Bunları söylerken 5 yıllık bir süreç içinde Sayın Mansur Yavaş’ın Ankara’yı farklı bir noktaya taşıyacağını gayet iyi biliyorum. Bir uluslararası fuar bile yok. Gidin bütün dünyanın başkentlerinde sadece yılda bir sefer değil, 6 ayda bir mutlaka ama mutlaka uluslararası fuarlar olur. Niye Ankara’da yok? Ankara’da fuar yapacak alan mı yok? Ankara bir yöne doğru gelişiyor, bir yöne doğru da giderek eskiyor. Oysa Ankara’nın dört tarafı var; doğusu, batısı, güneyi ve kuzeyi. Dört tarafına da eşit hizmet götürmek lazım, dört tarafına da kültürü götürmek lazım, dört tarafına da medeniyeti götürmemiz lazım, her tarafa götürmemiz lazım. İşte bunu yaptığımız zaman, Ankara gerçek anlamda bir başkent olarak yeniden doğmuş olacaktır ve Ankara sadece Ankaralıların değil 82 milyonun Ankara’sı olacaktır. O zaman biz Ankara, Ankara, güzel Ankara, seni görmek ister her bahtı kara marşının gerçek amacına ulaşmasını sağlayacağız ve herkes gidip bir Ankara’yı görmeliyim diyecek. Ankara’yı görmeliyim, Ankara nedir, nasıl oldu, nasıl değişti bunu görmeliyim diyecek. Bir sanat merkezi olacak, bir kültür merkezi olacak, spor merkezi olacak, yeşil merkezi olacak Ankara.
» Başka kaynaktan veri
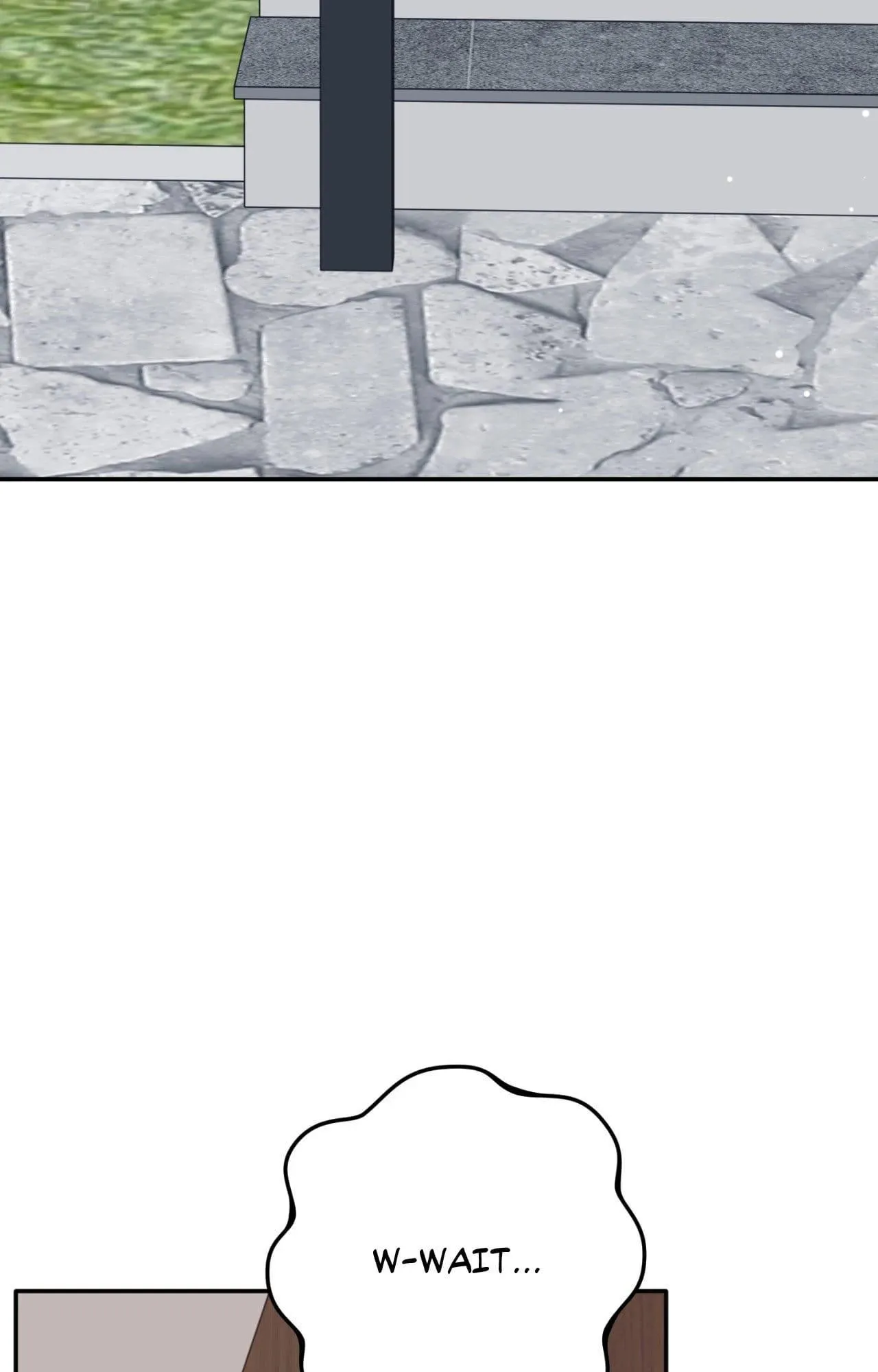 Read Crossing the Line chapter 128.99 image 103 on Lezhin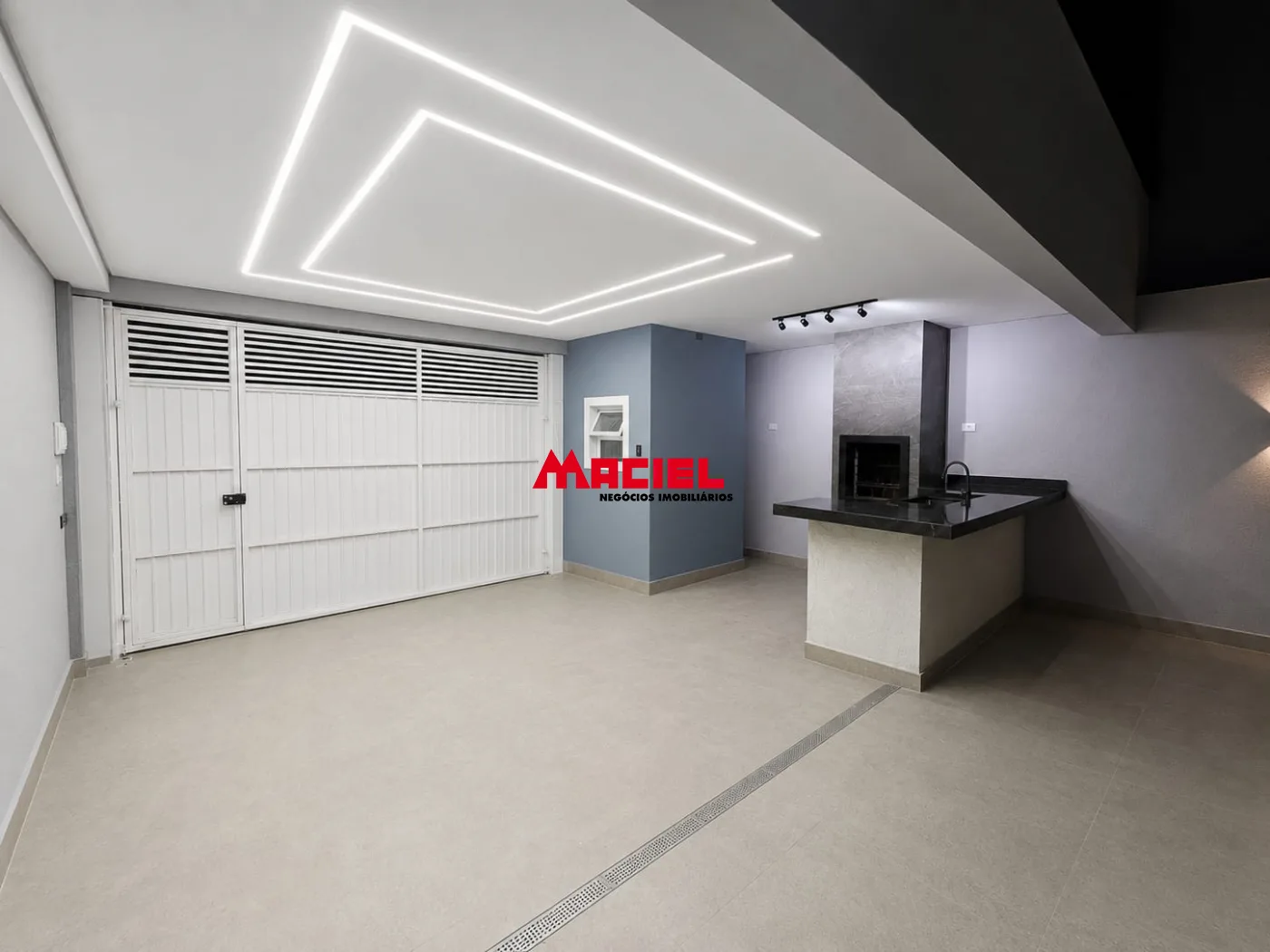 Comprar Casa / Padr&atilde;o em Jacare&iacute; R$ 720.000,00 - Foto 2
Şimdi su projesini açıkladı, Fethi Başkan döndü bu çok önemli bir proje dedi. Evet, ben de biliyorum çok önemli bir proje. Ankara’nın kırsalını geliştirmek bizim görevimiz değil mi? Orada insanlar yaşamıyor mu, o insanlar da medeniyet istemiyor mu, o insanlar da ekmek, biçmek ve kazanmak istemiyor mu? Bütün bunları gerçekleştireceğiz Allah’ın izniyle ve sizlerin desteğiyle. Gideceksiniz sandığa, hiç ama hiçbir tereddüde kapılmadan, bakın bunu çok açık ve net söylüyorum en ufak bir tereddüde kapılmadan gönül rahatlığı içinde Mansur Yavaş’a oy vereceksiniz ve Mansur Yavaş göreceksiniz ki Ankara’yı gerçek anlamda Türkiye’nin başkenti haline getirecek ve Ankara güzel Ankara olacak. Ankara mutlu insanların, huzurlu insanların yaşadığı bir Ankara olacak.
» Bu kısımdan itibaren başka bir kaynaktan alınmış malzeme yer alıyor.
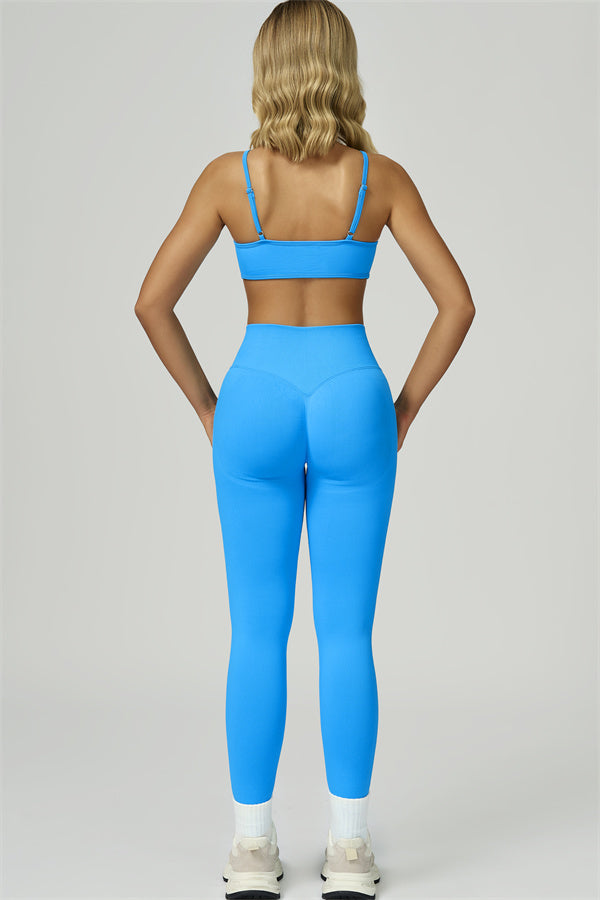 The Prime Leggings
Bize başlangıçta güzel bir şölen sunan Seymen kardeşlerime ve onların küçüklerine, ben Seymenlerden çok o iki küçük çocuğa dikkatle baktım, onlar bizim geleceğimiz, eğer onlar bugün Seymen’i oynuyorlarsa Ankara’dan umudu kesmeyeceğiz, Ankara’da umudu yaşatacak olan da Sayın Mansur Yavaş ve arkadaşları.
Ve sizlere yürekten teşekkür ediyorum, sağ olun, var olun diyorum.